- Armiger: Wakefield Metropolitan District Council
- Adopted: 1990
- Motto: Persevere and prosper

= Coat of arms of Wakefield =

The Coat of arms of the Wakefield District was granted in 1990. Between 1974 and 1990, the council did not have arms that represented its governance of the expanded metropolitan district of the City of Wakefield, and used the arms of the County Borough of Wakefield. Arms had been granted to the district's constituent city and towns, (Wakefield, Castleford, Horbury, Knottingley, Ossett and Pontefract) but an application to the College of Arms was made for a unifying achievement.

The shield of the arms has a background of black and gold. The black represents the coal mining industry that was once widespread and important to the district. In the top, left of the shield is the arms of the city of Wakefield. The mural crowns signify Wakefield's important role in governance for the surrounding area.

The compartment shows thirteen acorns which represent the thirteen former local government areas of the West Riding of Yorkshire that merged to form the metropolitan district in 1974. Beneath the compartment is a motto, "Persevere and prosper".

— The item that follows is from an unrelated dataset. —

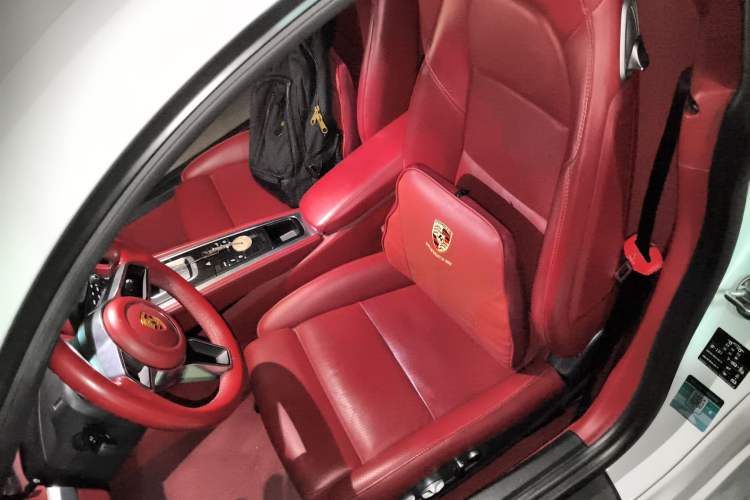 Used Porsche 718 2016 Cayman 2.0T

==Arms of the County Borough Council==

Arms of the former Wakefield City and County Borough Council

The arms used before 1990 had been used in Wakefield for over 500 years. The arms had the simple blazon of "Azure, a fleur-de-lys Or". Despite its history, arms were not officially granted until 1932 when the ermine fimbriation was added. Consequently, the blazon became "Azure, a fleur-de-lys Or fimbriated Ermine".